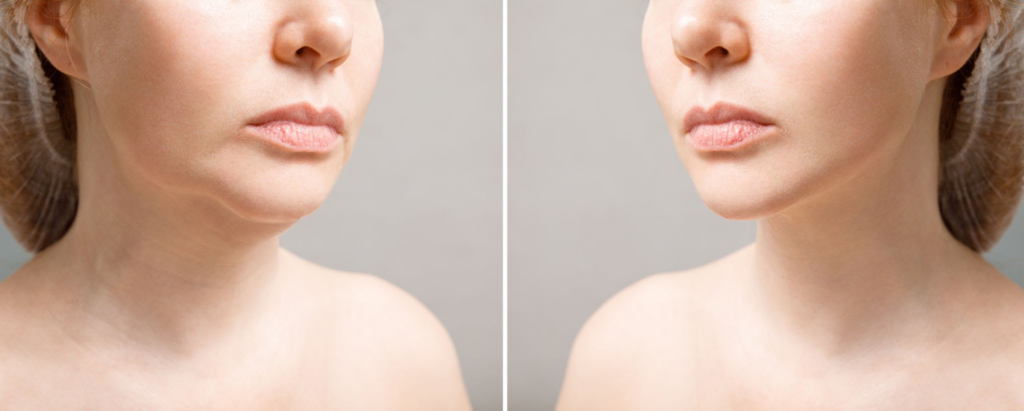 double chin liposuction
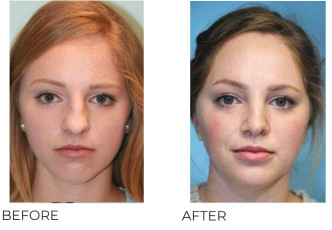 18-25 Year Old Woman Treated With Rhinoplasty 3 Years Post-Op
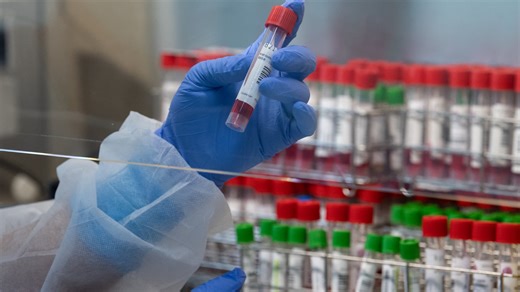 Laboratoires d'analyses: les biologistes en grève à partir de lundi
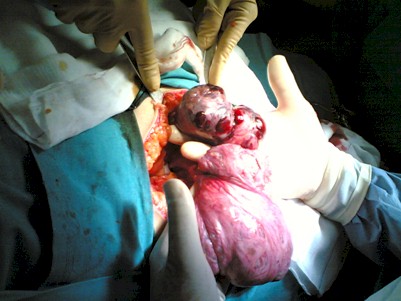 mioma_infartado/extirpacion_reseccion_tumoracion mioma_infartado/extirpacion_reseccion_tumoracion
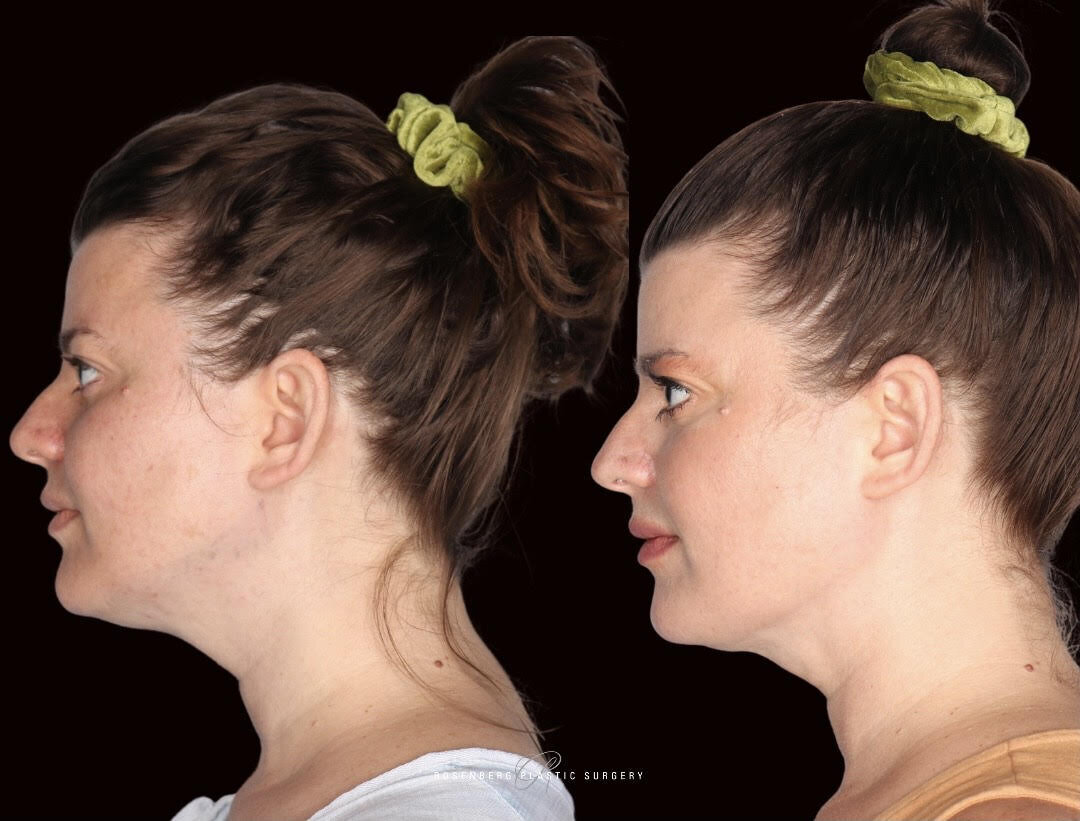 Neck Liposuction Results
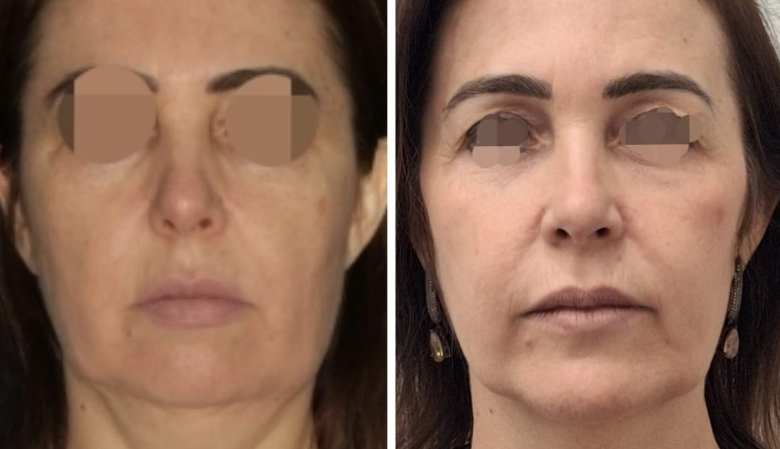 Frontal de paciente antes e depois — flacidez tratada mantendo naturalidade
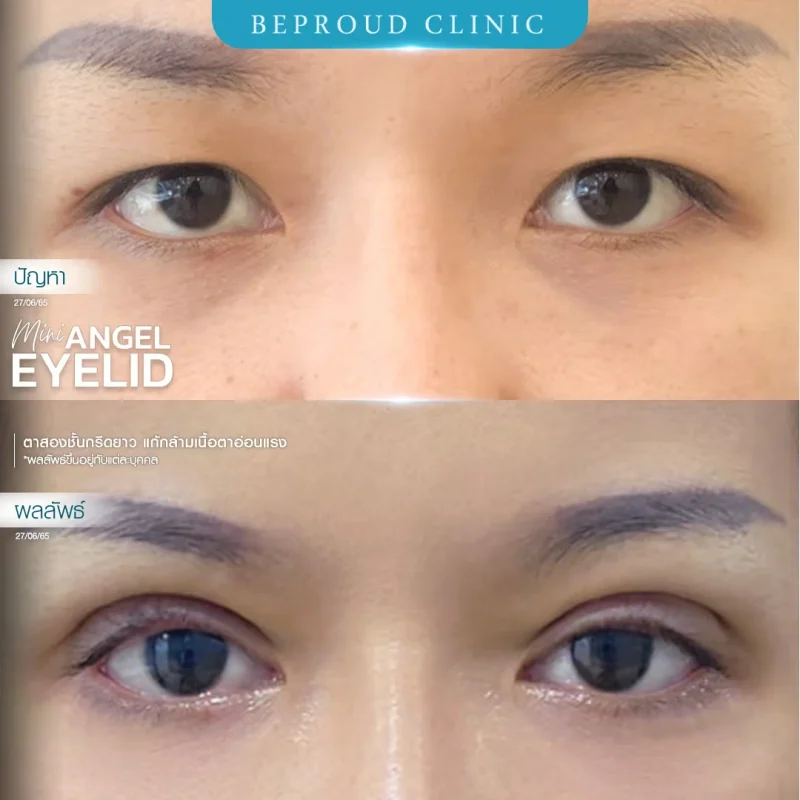 ภาพรีวิวเปรียบเทียบผลลัพธ์ ก่อนทำ-หลังทำศัลยกรรมตาสองชั้น ของเคสตัวอย่าง เทคนิคกรีดตายาว แก้กล้ามเนื้อตาอ่อนแรง โดยหมอต้น บีพราวด์คลินิก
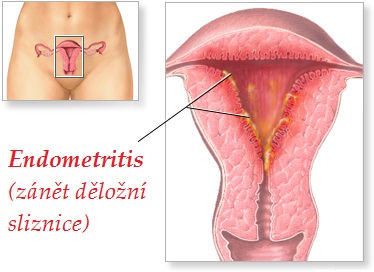 zanet delozni sliznice endometritida endometritis priznaky projevy symptomy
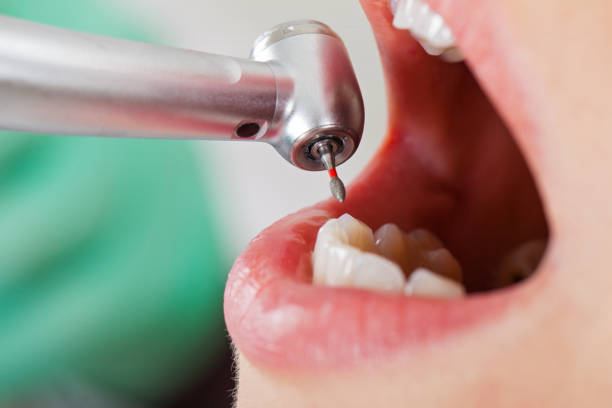 Best Chipped Tooth Repair Near Me  in South Milwaukee, WI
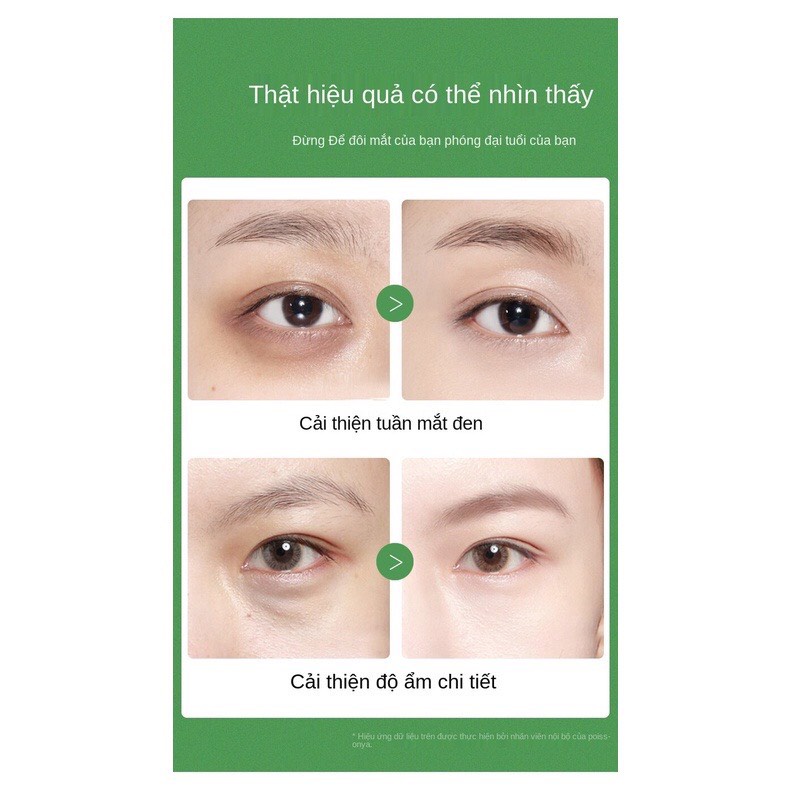 Kem mắt chiết xuất từ quả bơ hàng nội địa Trung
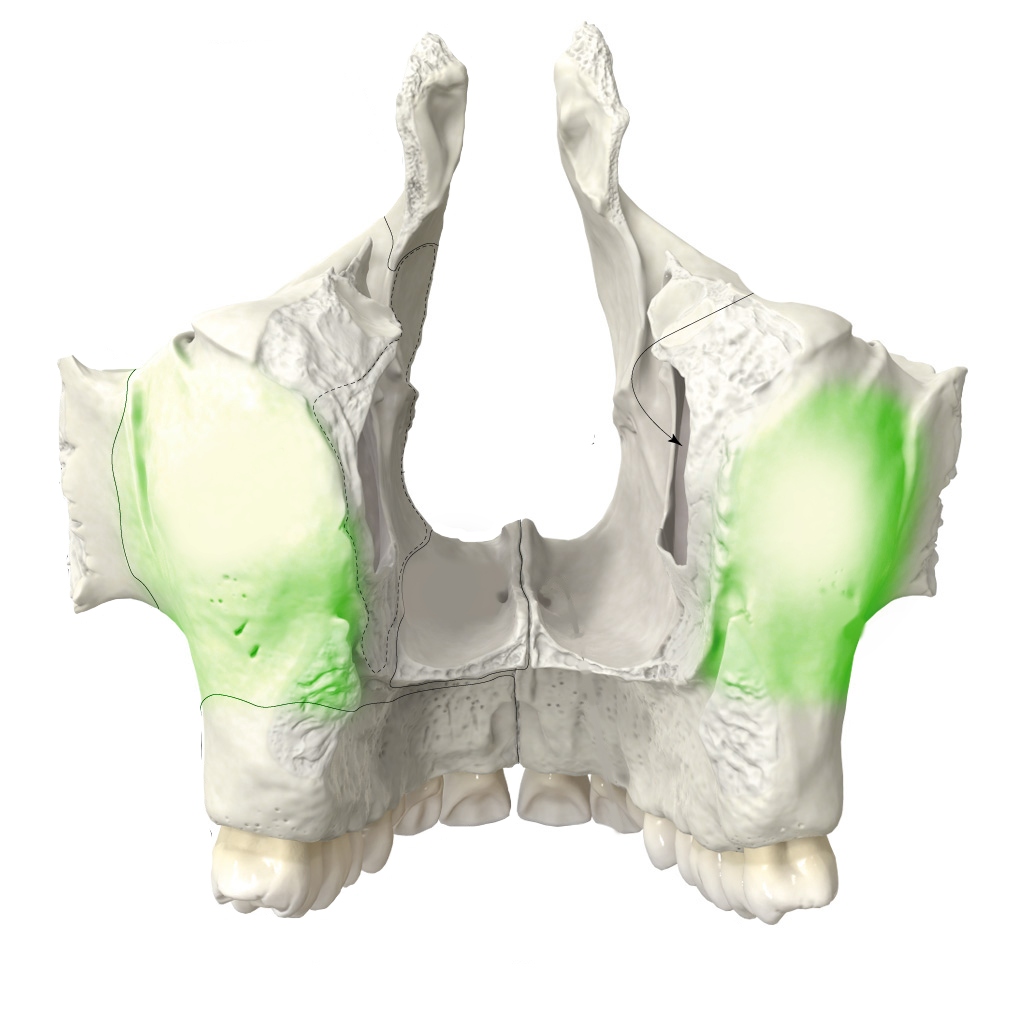 <p>halántékcsont alatti felszín</p>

-*-

Exercise:
Looking at the records above, extract only the lines from the one with "แก้กล้ามเนื้อตาอ่อนแรง โดยหมอต้น บีพราวด์คลินิก" through the last line, exactly, with the pictures left out.

Solution below:
 ภาพรีวิวเปรียบเทียบผลลัพธ์ ก่อนทำ-หลังทำศัลยกรรมตาสองชั้น ของเคสตัวอย่าง เทคนิคกรีดตายาว แก้กล้ามเนื้อตาอ่อนแรง โดยหมอต้น บีพราวด์คลินิก
 zanet delozni sliznice endometritida endometritis priznaky projevy symptomy
 Best Chipped Tooth Repair Near Me  in South Milwaukee, WI
 Kem mắt chiết xuất từ quả bơ hàng nội địa Trung
 <p>halántékcsont alatti felszín</p>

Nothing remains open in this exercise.